** EXERCISE BRIEF **
The records are set out below this line. Return exactly the lines from the one containing "Cheddar Jalapeño Bagels (6)" through the last, and exclude the pictures.

[DATA TO USE Boundary: Start]

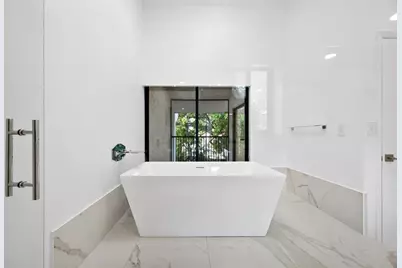 19986 NE 5th Ct, Unit #4D, Miami, FL 33179 - Photo 29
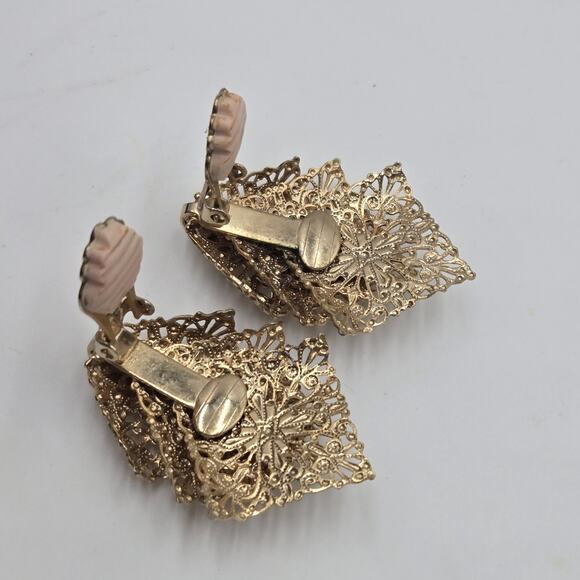 Vintage 1960s Sarah Coventry Chantilly Lace Filigree Gold Tone Clip-On Earrings - Picture 3 of 5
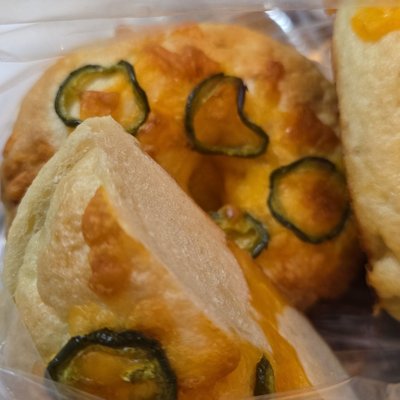 Cheddar Jalapeño Bagels (6)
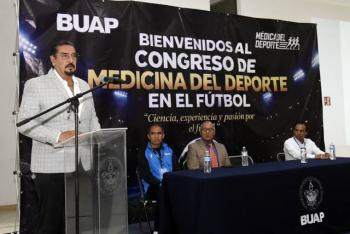 Capacita BUAP a especialistas en medicina deportiva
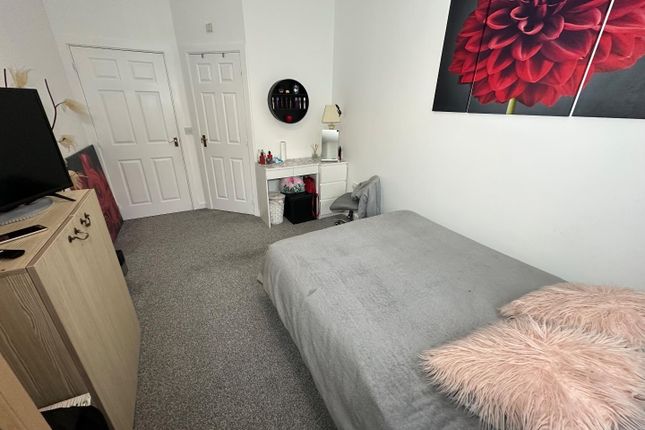 Flat for sale in Englewood Close, Leicester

[DATA TO USE Boundary: End]

** SOLVED EXERCISE **
 Cheddar Jalapeño Bagels (6)
 Capacita BUAP a especialistas en medicina deportiva
 Flat for sale in Englewood Close, Leicester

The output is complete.